この本は漫画になっていて、作者・近藤ようこのインタビューを引用する。近藤ようこは折口信夫の『死者の書』も漫画にしているという。

――『高丘親王航海記』は、天竺を目指して中国の広州を出発した親王一行が、占城(ベトナム)、真臘(カンボジア)などを巡り、さまざまな不思議に出会う連作小説。ちょっとしたエピソードも含めて、かなり忠実にマンガ化されていますね。
 原作のある作品はできるだけ忠実に描こうと思っています。澁澤さんの原作には、「どうしてこれを入れたんだろう?」と不思議に思うようなエピソードもあるんですよね。たとえば「蜜人」の章に、犬の頭をした男が出てきますが、後のストーリーにはまったく関わらない(笑)。こういう遊びのような部分が、原作の持ち味にもなっているので、省略せずに描きたいと思います。

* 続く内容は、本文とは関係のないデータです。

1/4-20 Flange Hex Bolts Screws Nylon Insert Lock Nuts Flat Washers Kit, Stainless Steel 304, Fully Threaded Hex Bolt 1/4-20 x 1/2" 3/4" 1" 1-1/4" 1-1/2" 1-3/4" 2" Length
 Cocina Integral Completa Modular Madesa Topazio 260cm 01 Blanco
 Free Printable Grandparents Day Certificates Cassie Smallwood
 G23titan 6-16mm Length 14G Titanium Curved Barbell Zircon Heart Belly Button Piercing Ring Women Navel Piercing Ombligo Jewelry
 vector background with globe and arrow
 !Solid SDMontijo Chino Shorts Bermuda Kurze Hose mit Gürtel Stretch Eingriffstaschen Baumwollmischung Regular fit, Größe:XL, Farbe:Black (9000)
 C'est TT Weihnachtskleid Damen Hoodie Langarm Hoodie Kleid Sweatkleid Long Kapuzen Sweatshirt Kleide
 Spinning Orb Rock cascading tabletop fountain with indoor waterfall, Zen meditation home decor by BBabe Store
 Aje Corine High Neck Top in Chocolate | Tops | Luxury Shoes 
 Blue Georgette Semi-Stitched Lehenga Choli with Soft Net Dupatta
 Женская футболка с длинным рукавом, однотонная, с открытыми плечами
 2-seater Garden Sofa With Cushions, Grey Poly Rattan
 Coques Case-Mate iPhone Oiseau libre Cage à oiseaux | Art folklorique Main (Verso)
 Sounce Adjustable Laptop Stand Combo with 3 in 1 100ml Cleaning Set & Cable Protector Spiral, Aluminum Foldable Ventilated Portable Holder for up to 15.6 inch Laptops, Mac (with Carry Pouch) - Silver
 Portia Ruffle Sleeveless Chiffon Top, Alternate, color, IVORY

――幻想的なイメージも原作の魅力です。「儒艮」の章には言葉を話すジュゴンやオオアリクイが、「蘭房」の章には廃墟と化した後宮で単孔(排泄と生殖をひとつの孔でおこなう)の女人・陳家蘭が登場します。
 自由にイメージを膨らませて書いているようですが、調べてみると澁澤さんの原作にはすべて典拠があります。決して気ままに書いているわけではないんですよ。マンガでもそこはしっかり押さえないといけないので、調べ物はかなり大変ですね。
 たとえば単孔の女人がどうして「陳家蘭」という奇妙な名で呼ばれているのか。気になって調べてみると、13世紀に書かれた『真臘風土記』という中国の旅行記に出てくる名称なんですね。カンボジアの宮廷の召使いを指す言葉ですが、おそらく澁澤さんはそこから単孔の女人というイメージを生み出したんじゃないのかなと。こういうことが分かると澁澤さんの思考の流れに触れられた気がして、とても楽しいです。

 私はこの小説はすべて澁澤龍彦の自由な創作、ファンタジー小説だと思っていた。上記のインタビューによると、ほとんどの話に出典があるとのことである。ただ、秋丸と春丸がなぜ入れ替わるのかとか、細かい点では不明の部分がある。澁澤は下咽頭癌の手術で死ぬ一年前に声帯を失っている。真珠を飲み、虎に自身を食べさせるというのも「捨身飼虎」という物語が『金光明経』にあるという。この作品には晩年の澁澤の生と死の想いが込められているようである。